## Directions for this task
Drop every picture. Then return, exactly, the lines from the beginning of the listing below through the one containing "Restaurant/Places to Eat".

## Exercise input

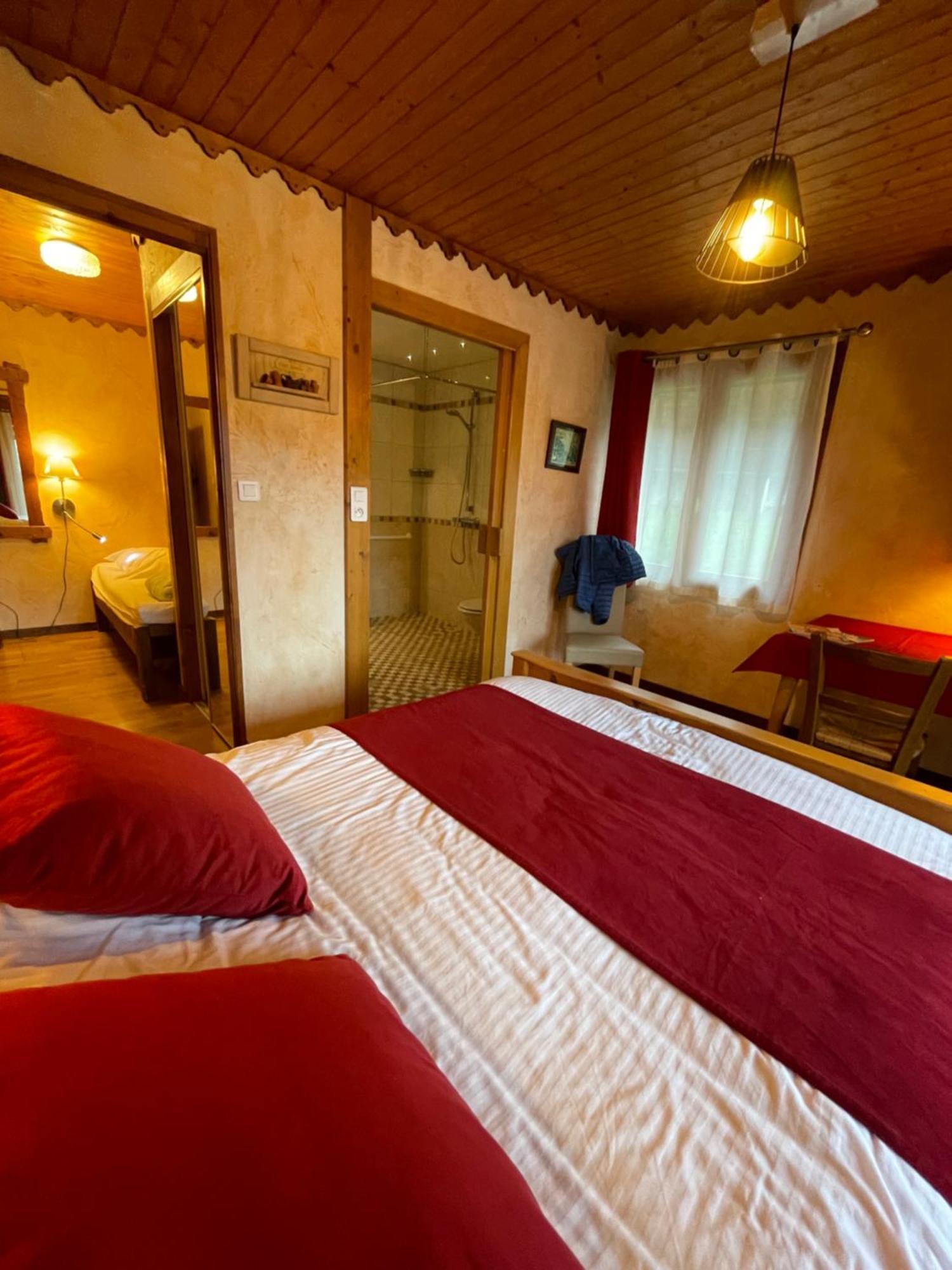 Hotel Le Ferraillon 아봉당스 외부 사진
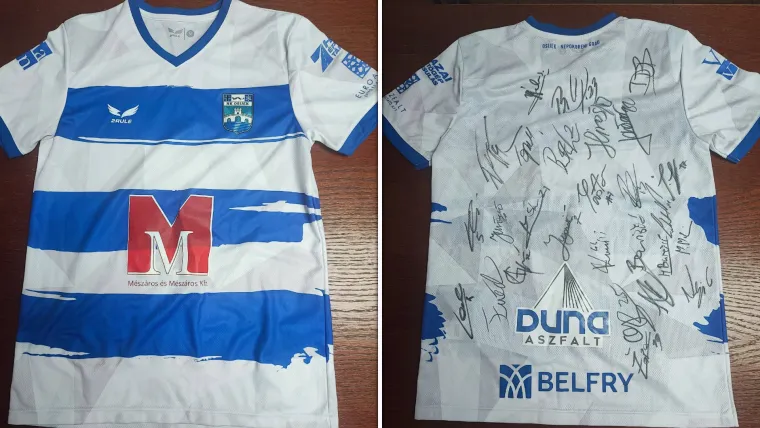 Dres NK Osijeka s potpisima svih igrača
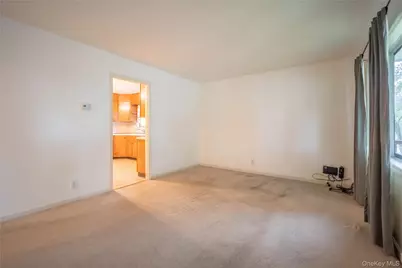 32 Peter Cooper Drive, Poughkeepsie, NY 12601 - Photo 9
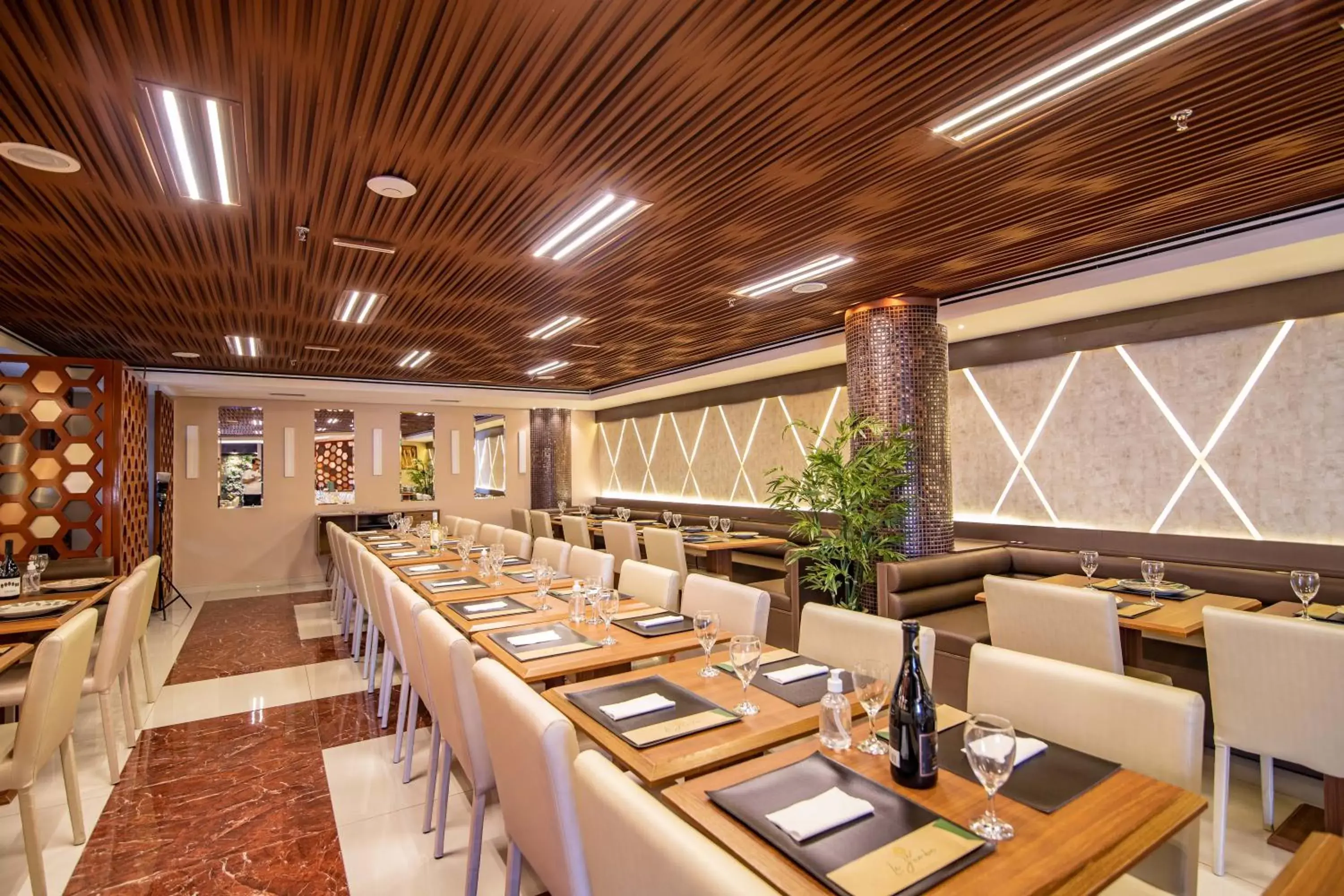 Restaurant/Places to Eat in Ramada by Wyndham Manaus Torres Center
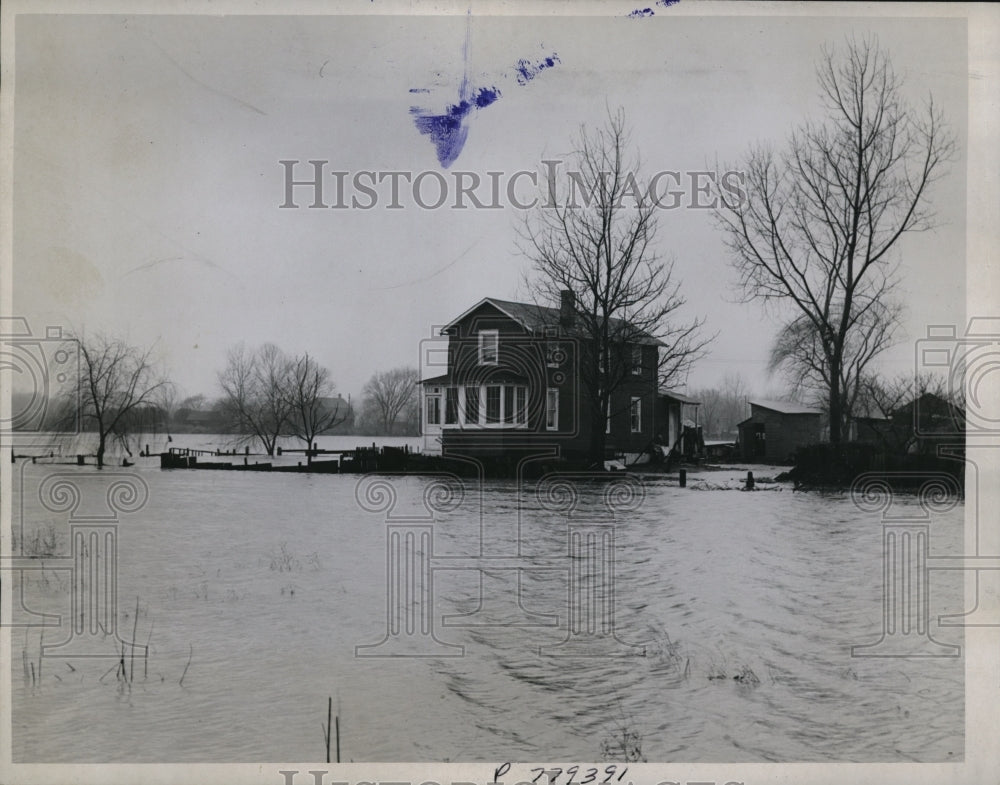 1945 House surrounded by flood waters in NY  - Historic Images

## Solution
 Hotel Le Ferraillon 아봉당스 외부 사진
 Dres NK Osijeka s potpisima svih igrača
 32 Peter Cooper Drive, Poughkeepsie, NY 12601 - Photo 9
 Restaurant/Places to Eat in Ramada by Wyndham Manaus Torres Center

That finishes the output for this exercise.